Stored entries
-------

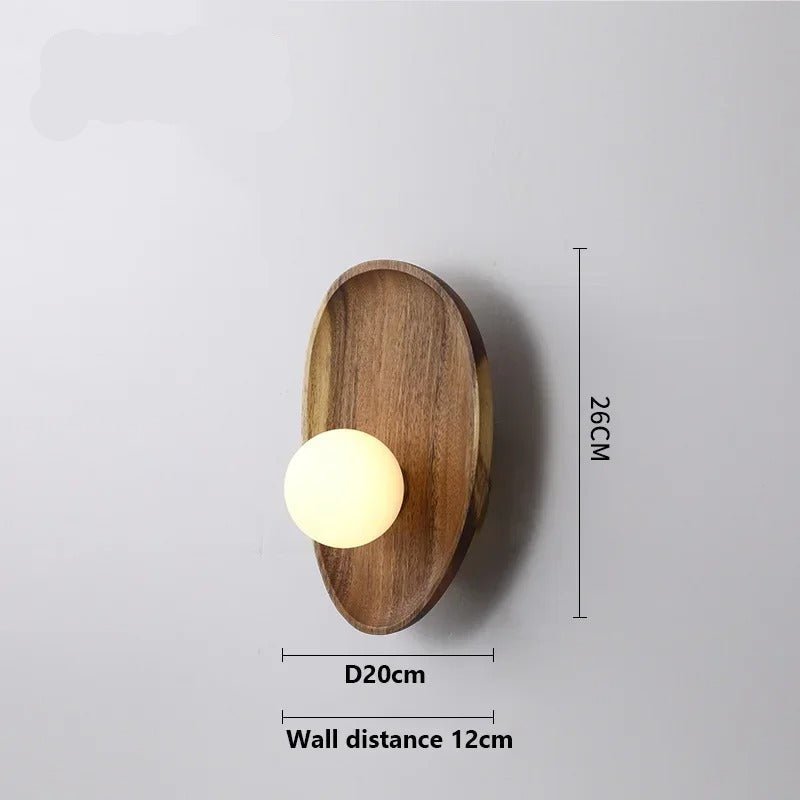 Applique murale globe avec socle en bois massif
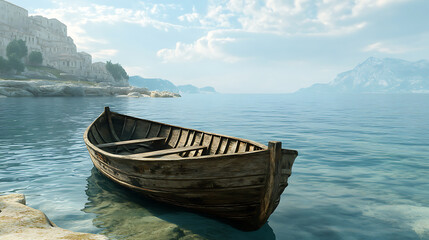 Poster - Old wooden boat in the sea near the shore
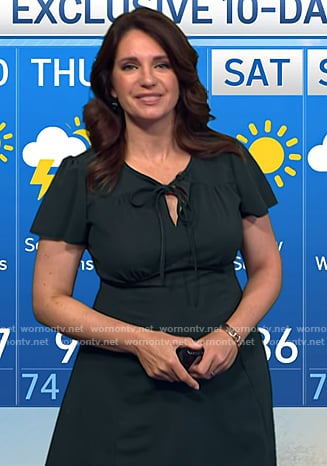 Maria's green tie neck dress on Today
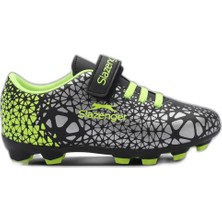 Aesco Slazenger Crystal Unisex Çocuk Halı Saha Siyah/yeşil Futbol Ayakkabısı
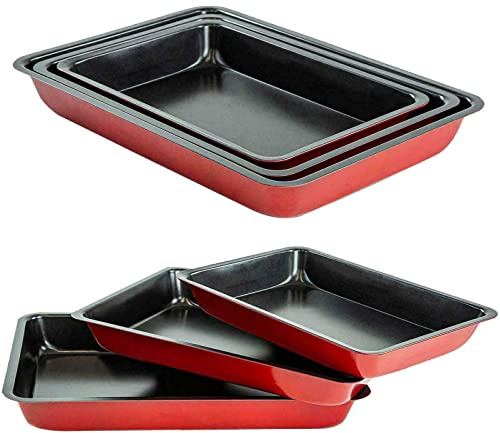 LIZZIE JACOBS 3 Pcs Non Stick Baking & Roasting Tray Set - Heavy Duty Carbon Steel Roasting Trays & Oven Trays - Oven Dish Bake Pan Bakeware - Easy Clean - Black/Red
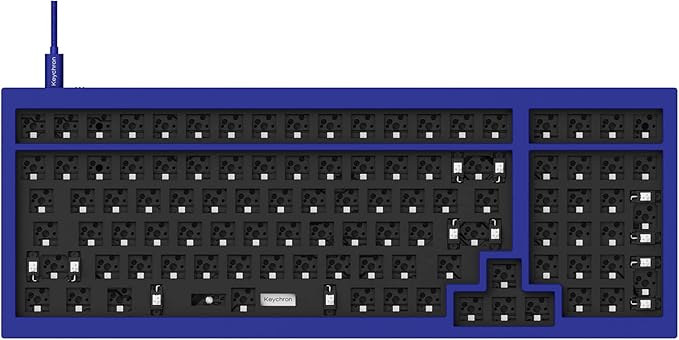 Keychron Q5 Wired Custom Mechanical Keyboard Full Aluminum Barebone Version, Hot-Swappable 96% Layout, Double-Gasket DIY Kit, QMK/VIA Programmable Macro Compatible with Mac Windows Linux - Blue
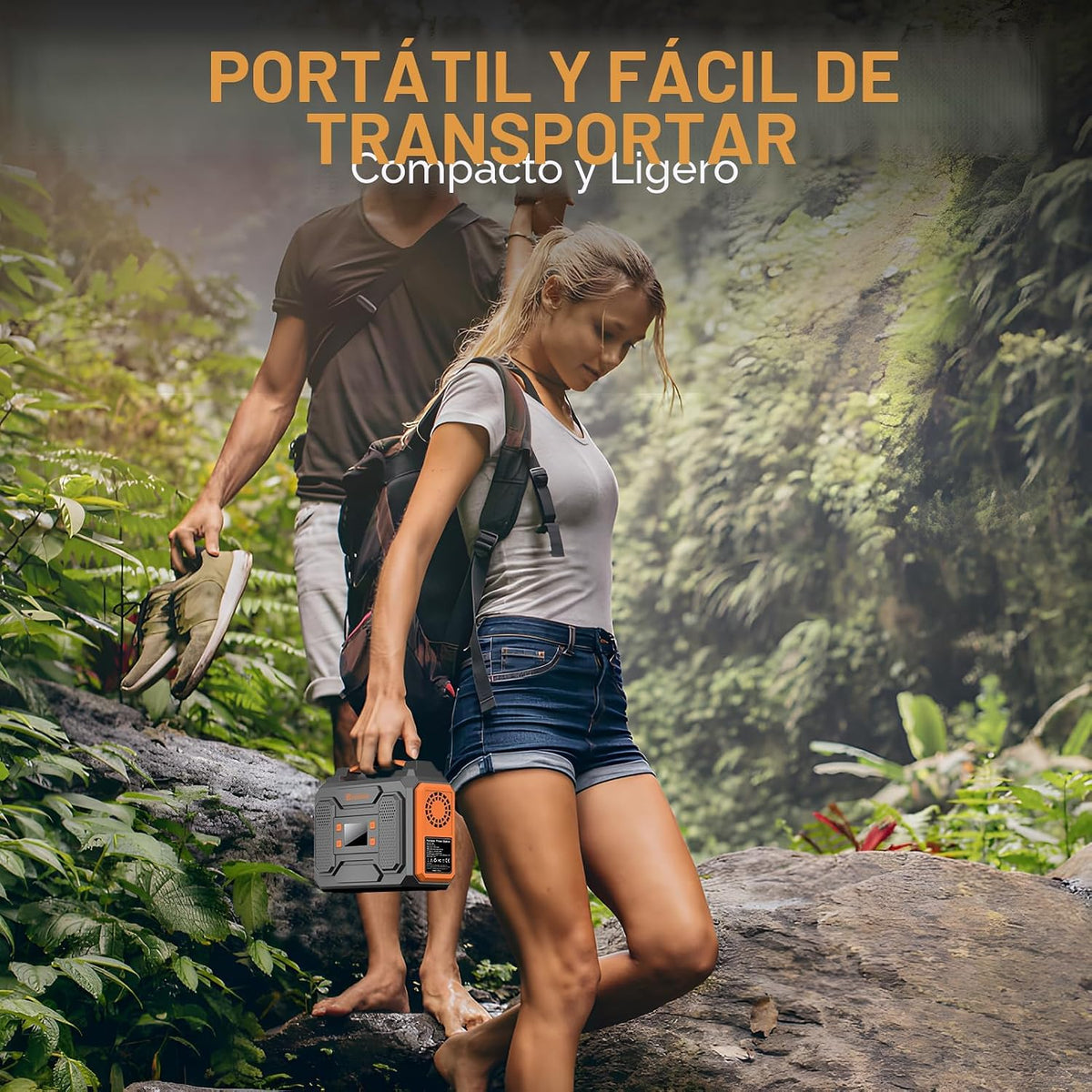 Generador Solar Portátil con Panel, Estación de Energía Portátil de...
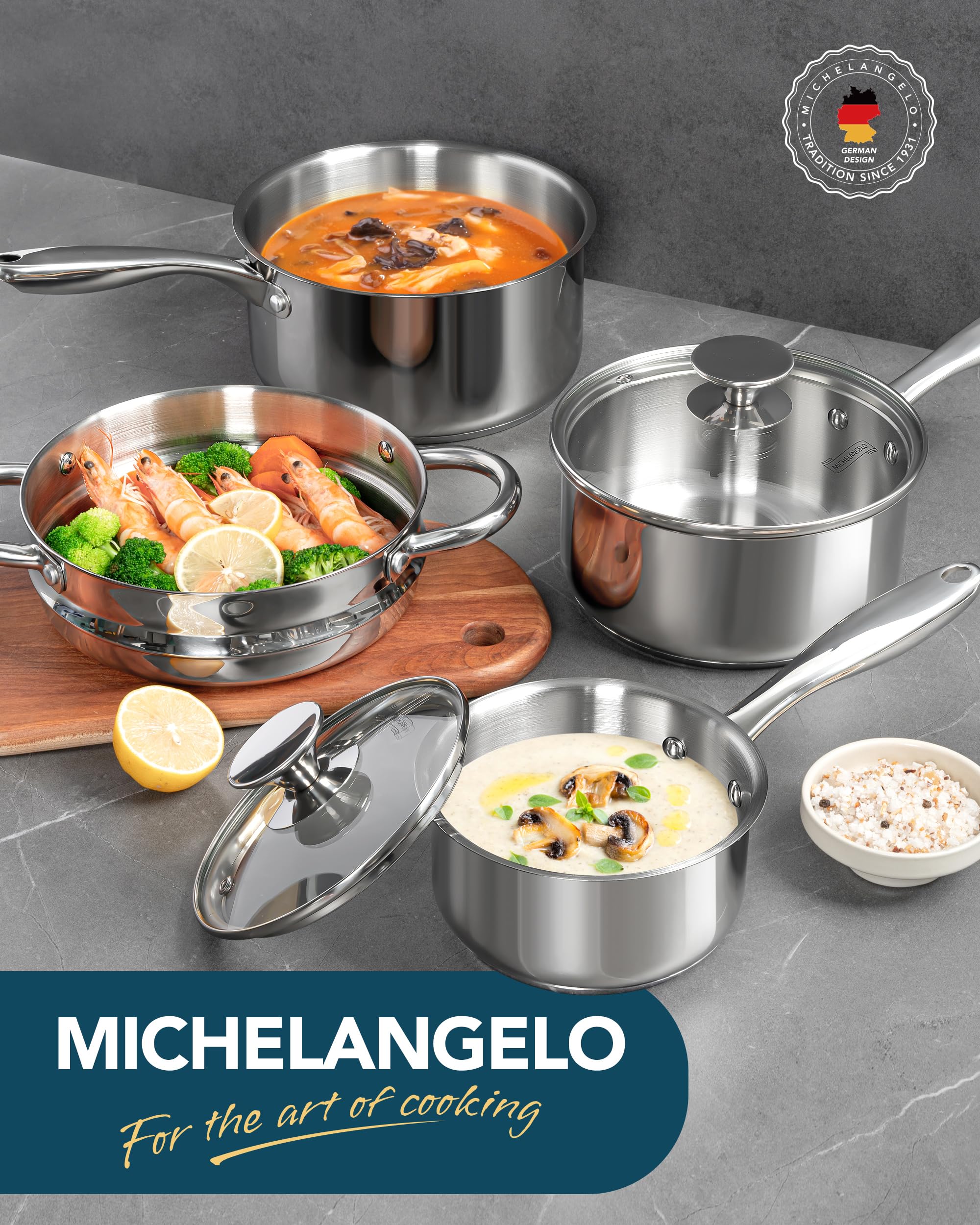 MICHELANGELO Stainless Steel Saucepan Set 1Qt & 2Qt, Premium German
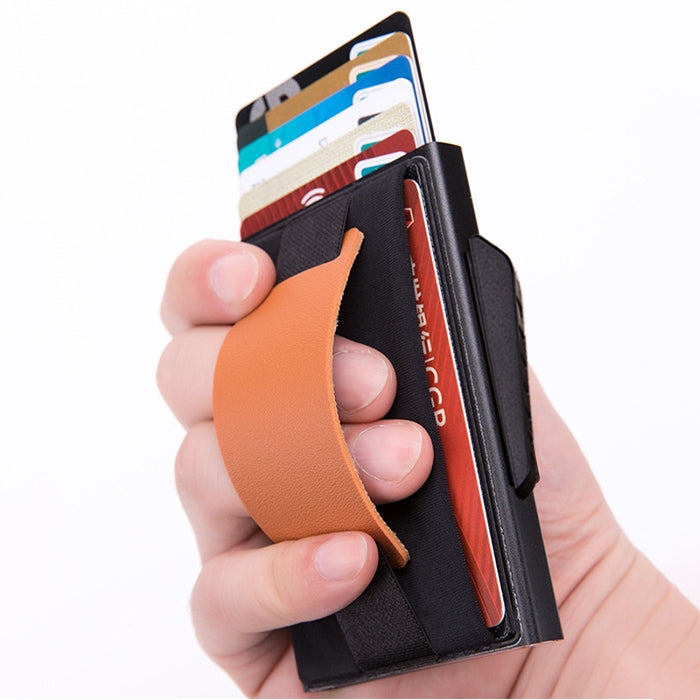 X-32C Automatisch aufklappbare Karte Typ Antimagnetisch RFID Diebstahlsicher Herren Aluminiumlegierung B-Wahl Knopf Elastische Tasche Geldbörse mit PU-Lederband, X-32C B-Wahl Knopf Grau, X-32C B-Wahl Knopf Blau, X-32C B-Wahl Knopf Schwarz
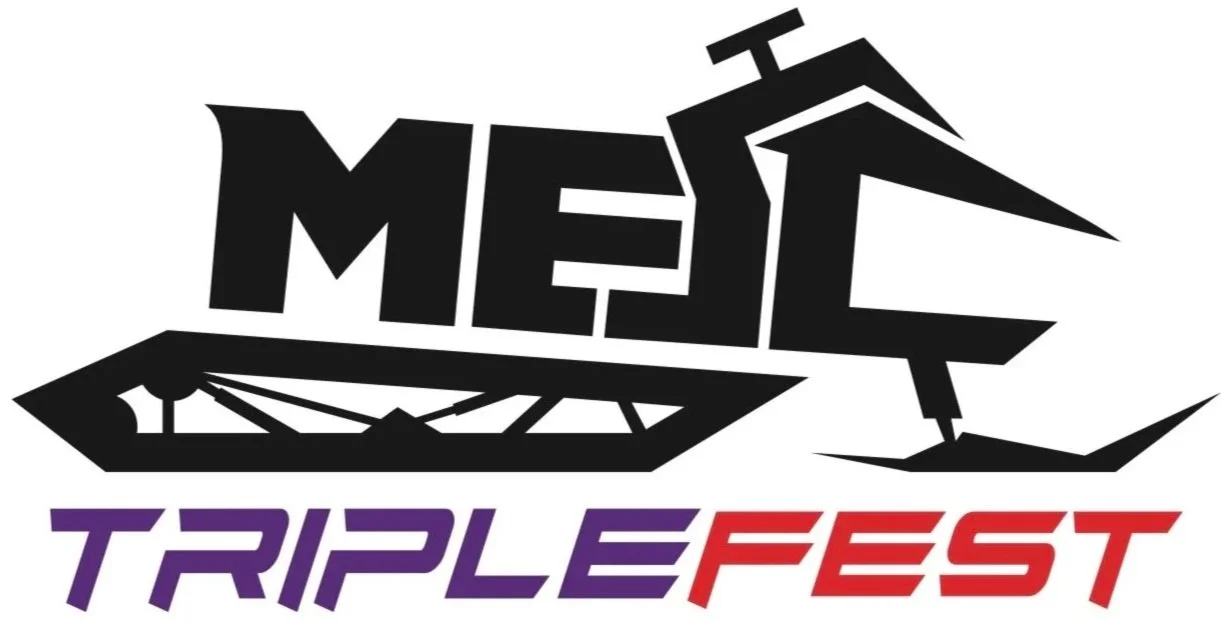Logo withe MESC in the shape of a snowmobile graphic and TripleFest underneath in purple and red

-------

Your task: Would you output each entry exactly and leave the pictures behind?

Result of this task:
 Applique murale globe avec socle en bois massif
 Poster - Old wooden boat in the sea near the shore
 Maria's green tie neck dress on Today
 Aesco Slazenger Crystal Unisex Çocuk Halı Saha Siyah/yeşil Futbol Ayakkabısı
 LIZZIE JACOBS 3 Pcs Non Stick Baking & Roasting Tray Set - Heavy Duty Carbon Steel Roasting Trays & Oven Trays - Oven Dish Bake Pan Bakeware - Easy Clean - Black/Red
 Keychron Q5 Wired Custom Mechanical Keyboard Full Aluminum Barebone Version, Hot-Swappable 96% Layout, Double-Gasket DIY Kit, QMK/VIA Programmable Macro Compatible with Mac Windows Linux - Blue
 Generador Solar Portátil con Panel, Estación de Energía Portátil de...
 MICHELANGELO Stainless Steel Saucepan Set 1Qt & 2Qt, Premium German
 X-32C Automatisch aufklappbare Karte Typ Antimagnetisch RFID Diebstahlsicher Herren Aluminiumlegierung B-Wahl Knopf Elastische Tasche Geldbörse mit PU-Lederband, X-32C B-Wahl Knopf Grau, X-32C B-Wahl Knopf Blau, X-32C B-Wahl Knopf Schwarz
Logo withe MESC in the shape of a snowmobile graphic and TripleFest underneath in purple and red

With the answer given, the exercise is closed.